先程まではワニもどきを東側に追いやるために、立ち位置は西寄りに偏っていたんだが、今は南に下がり始めている。
「西側には壁の裏側に水脈があるみたいだし、下手に壊すとどうなっちゃうかわかんないよね? ワニもどきは東側には行こうとしないし、どうなるかな?」
魔物はまだ姿を見せていないが……場合によっては下に向かう前に、上で俺が片付けちゃう方がいいのかもな。
ワニもどきは普通に倒しちゃえばいいしな!
「まぁ……そうなったら下から指示が来るし、今はまだここで……っと? 来たかな?」
視界の端に小さな光がいくつか見えた。
「これは……距離があるだけで、結構デカいね!」
数はまだわからないが、俺が確認出来た個体は距離があるのに輪郭がはっきりとわかるくらいだ。

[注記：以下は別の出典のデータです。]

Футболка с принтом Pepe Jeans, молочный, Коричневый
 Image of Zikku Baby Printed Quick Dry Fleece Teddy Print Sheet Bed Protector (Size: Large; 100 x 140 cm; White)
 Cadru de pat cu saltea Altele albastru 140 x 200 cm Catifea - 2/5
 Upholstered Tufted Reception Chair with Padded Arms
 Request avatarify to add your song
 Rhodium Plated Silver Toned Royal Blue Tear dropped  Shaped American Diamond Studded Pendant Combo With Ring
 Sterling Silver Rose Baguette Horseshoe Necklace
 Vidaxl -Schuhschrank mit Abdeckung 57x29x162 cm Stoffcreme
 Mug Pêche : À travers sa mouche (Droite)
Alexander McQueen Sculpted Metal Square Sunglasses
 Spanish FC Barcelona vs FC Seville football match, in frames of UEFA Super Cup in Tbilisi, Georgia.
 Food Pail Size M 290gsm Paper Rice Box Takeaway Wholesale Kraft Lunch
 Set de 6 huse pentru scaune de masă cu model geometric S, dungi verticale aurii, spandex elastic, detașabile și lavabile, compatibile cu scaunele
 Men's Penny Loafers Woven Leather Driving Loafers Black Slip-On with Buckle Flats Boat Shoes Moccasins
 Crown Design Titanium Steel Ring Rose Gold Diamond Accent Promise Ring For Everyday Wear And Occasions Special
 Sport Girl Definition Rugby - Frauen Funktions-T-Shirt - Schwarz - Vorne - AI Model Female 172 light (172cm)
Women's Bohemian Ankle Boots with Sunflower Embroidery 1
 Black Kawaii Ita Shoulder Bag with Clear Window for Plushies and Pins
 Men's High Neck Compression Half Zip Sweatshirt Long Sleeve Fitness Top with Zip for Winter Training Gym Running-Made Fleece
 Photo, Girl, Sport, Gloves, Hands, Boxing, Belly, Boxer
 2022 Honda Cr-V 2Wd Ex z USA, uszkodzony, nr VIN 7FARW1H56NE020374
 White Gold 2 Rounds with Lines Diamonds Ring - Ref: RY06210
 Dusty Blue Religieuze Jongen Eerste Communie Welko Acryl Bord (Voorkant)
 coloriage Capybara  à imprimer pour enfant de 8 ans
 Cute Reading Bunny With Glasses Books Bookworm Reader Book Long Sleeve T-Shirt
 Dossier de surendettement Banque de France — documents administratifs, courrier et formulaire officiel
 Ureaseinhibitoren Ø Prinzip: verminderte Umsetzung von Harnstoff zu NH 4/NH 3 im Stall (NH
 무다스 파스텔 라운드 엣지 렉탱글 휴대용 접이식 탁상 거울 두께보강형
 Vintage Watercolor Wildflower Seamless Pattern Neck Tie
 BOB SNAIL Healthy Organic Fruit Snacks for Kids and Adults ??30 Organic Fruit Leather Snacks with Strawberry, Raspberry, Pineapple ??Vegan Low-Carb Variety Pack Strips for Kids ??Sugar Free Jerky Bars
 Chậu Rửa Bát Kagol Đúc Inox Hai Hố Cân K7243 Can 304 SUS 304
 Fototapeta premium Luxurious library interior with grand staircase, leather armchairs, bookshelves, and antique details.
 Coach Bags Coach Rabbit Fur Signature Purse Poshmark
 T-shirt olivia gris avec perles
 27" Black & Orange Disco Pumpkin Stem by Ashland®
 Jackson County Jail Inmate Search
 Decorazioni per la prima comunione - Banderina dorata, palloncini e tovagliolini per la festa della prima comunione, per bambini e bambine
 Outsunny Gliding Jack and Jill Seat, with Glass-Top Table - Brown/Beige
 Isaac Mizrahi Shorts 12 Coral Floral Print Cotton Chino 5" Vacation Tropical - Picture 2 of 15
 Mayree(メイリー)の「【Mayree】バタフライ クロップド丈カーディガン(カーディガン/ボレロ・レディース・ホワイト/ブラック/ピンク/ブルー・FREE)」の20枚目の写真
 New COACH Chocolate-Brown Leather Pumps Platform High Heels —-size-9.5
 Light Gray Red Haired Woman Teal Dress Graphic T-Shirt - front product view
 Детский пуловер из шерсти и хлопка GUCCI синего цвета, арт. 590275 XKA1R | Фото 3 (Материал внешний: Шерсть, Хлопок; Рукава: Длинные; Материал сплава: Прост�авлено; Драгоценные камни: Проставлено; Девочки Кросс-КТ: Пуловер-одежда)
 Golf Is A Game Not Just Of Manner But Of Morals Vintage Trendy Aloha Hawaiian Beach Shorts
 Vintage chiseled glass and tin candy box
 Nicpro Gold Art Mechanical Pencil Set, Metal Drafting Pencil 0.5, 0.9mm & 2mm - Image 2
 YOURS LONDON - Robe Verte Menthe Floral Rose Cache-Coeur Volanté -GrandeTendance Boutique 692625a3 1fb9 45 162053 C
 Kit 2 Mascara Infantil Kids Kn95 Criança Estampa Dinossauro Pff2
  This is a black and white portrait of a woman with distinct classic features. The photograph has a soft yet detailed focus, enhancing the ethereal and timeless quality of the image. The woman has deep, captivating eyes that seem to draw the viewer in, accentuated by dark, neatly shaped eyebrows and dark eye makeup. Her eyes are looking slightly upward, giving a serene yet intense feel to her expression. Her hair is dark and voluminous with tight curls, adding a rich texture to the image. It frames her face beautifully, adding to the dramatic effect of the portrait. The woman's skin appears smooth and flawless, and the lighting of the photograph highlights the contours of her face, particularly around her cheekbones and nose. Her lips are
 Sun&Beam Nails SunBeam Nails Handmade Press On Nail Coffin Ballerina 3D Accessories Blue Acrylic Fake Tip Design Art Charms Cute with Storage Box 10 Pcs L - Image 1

アンデッドの臭いを嫌がって、川の向こう岸に避難していた魔物たちだな。
川を渡れるくらいだし……大型かあるいは身軽な種類の魔獣か?
とりあえず小型の妖魔種ってことは無いだろう。
一先ず報告だ!
「みんなーっ!! 西から魔獣っぽいのが近づいて来てるよー!! ……お? 聞こえたみたいだね」
下に向かって大声でそう伝えると、ジグハルトがこちらに向かって腕を振った。
そして、すぐにワニもどきを回り込むように北側に向かって動き始める。
少々予定と違ってしまうし、三人がどうするのかはわからないが、とりあえず俺はこのまま魔物の監視を続行だ。
◇
下から聞こえてくる魔法の音を他所に、俺は穴の周囲の森の警戒を続けていた。
今のところ魔物の群れがいるのは西側だけで、他からやってくる様子はないし、そこまで細かく操ることは出来ないんだろうな。
包囲されて一気になだれ込まれたら面倒だったけれど、この分なら少しずつ下りて来そうだし、下で上手く位置をコントロール出来るかな?
「さてさて……一番数が多いのは……オオカミか。まぁ、普通のオオカミの魔獣っぽいけど、気になるのは中型の魔獣も一緒だってことだね。アレは多分、シカの魔獣だよね……? 空腹じゃないならわざわざ襲ったりはしないだろうけれど、それでも肉食と草食の魔獣が一緒に行動か」
俺は続けて下にいるワニもどきに視線を落とす。
相変わらず乾いた皮膚が逆立っていて、俺が仕掛けることは難しそうな状態だ。
……っというよりも。
「もう完全に皮膚が乾いちゃってるね。穴の中の水の量もずっと減っているし、音は軽かったけど使ってた炎の魔法は結構威力があったのかもね」
派手な爆発音はしなかったが、先程よりも高い頻度で魔法が放たれていたし、戦う位置や三人の立ち位置も少しずつ変わっている。
ワニもどきを追いやる方角を、東から南に変えるつもりなのかもしれないな。
「それなら、オレは北側から魔物が来ることに気を付けておけば良さそうだね。とりあえず……魔物の種類を伝えておこうかね」
ワニもどきの西側から北寄りに移動していたアレクの元に下りていく。
「どうした、セラっ!」
「西から来てる魔物は、オオカミの群れとシカの群れだったよ。もう川を渡り終えてるから、もうすぐここまで辿り着くはず!!」
「わかった! ジグさん、オーギュスト! 聞こえたかっ!?」
アレクの声に二人は「おう!」と返って来た。